*Data for review*
- - -
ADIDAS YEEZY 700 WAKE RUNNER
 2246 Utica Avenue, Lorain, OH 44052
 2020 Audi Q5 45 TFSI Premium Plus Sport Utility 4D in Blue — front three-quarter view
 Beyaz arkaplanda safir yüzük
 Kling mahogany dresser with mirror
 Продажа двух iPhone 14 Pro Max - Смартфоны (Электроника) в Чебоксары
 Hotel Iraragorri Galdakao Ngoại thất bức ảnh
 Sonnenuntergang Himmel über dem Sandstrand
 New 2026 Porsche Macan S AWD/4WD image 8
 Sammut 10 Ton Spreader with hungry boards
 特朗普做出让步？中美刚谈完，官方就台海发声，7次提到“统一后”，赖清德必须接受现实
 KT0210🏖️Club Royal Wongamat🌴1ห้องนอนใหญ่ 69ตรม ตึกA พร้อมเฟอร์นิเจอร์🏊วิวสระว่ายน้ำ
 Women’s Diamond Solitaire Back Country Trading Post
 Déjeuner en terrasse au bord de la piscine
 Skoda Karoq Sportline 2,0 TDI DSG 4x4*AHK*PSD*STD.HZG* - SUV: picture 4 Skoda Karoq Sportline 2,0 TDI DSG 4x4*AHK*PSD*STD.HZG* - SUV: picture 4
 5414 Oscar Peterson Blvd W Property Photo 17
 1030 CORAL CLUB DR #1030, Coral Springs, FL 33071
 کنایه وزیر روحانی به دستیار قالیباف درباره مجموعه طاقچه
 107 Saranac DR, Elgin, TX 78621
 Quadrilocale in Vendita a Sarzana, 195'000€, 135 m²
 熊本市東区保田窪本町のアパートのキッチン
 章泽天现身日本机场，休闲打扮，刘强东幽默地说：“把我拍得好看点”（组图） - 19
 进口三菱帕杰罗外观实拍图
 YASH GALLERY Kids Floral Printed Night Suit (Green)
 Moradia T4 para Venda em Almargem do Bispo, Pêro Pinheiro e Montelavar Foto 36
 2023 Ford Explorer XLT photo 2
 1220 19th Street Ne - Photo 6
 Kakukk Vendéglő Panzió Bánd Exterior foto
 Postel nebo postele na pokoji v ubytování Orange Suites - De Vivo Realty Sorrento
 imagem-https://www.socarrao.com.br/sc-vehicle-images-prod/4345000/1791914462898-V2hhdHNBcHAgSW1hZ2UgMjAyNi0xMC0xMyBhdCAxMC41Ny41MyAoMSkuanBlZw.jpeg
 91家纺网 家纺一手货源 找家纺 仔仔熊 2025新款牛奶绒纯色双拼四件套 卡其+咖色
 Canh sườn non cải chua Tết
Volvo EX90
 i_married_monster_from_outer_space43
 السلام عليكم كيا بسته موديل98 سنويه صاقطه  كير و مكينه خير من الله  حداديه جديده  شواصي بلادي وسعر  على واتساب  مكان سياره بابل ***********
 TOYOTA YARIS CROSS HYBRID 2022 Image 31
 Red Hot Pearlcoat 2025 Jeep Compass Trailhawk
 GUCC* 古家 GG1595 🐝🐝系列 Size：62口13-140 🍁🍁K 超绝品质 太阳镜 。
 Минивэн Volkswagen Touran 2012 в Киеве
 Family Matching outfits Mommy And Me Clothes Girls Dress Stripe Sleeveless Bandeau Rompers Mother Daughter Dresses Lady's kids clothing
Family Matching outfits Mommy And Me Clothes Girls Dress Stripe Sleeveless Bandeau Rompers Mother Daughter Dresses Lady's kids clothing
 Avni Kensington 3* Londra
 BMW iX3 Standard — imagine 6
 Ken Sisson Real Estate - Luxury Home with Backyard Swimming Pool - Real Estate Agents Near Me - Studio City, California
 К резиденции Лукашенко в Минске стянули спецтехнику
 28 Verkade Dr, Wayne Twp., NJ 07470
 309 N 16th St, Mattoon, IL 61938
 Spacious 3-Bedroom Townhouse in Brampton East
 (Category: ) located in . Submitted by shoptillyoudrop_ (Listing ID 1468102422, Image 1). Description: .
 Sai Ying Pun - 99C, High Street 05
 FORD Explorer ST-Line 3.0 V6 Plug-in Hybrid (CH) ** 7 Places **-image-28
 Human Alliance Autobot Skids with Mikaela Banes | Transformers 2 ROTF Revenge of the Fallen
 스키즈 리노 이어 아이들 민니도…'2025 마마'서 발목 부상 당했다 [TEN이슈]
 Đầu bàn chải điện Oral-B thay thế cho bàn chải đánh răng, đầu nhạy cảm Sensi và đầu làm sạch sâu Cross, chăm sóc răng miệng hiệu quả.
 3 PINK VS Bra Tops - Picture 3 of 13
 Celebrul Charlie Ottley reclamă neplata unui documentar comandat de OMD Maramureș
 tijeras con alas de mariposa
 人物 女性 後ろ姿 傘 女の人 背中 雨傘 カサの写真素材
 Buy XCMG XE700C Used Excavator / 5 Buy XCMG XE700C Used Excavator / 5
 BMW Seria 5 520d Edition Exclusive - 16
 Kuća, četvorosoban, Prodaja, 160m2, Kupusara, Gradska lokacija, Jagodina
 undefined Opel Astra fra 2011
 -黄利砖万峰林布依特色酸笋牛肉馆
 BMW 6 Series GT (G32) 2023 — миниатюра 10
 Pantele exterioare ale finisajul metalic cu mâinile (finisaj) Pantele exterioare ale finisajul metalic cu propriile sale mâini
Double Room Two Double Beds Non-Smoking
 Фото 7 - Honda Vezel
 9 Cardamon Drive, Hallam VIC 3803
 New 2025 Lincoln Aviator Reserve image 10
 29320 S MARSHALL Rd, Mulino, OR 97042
- - -
*Exercise*
Using the data above, say how many lines include "Lady". No other reply is needed.

*Task solution*
2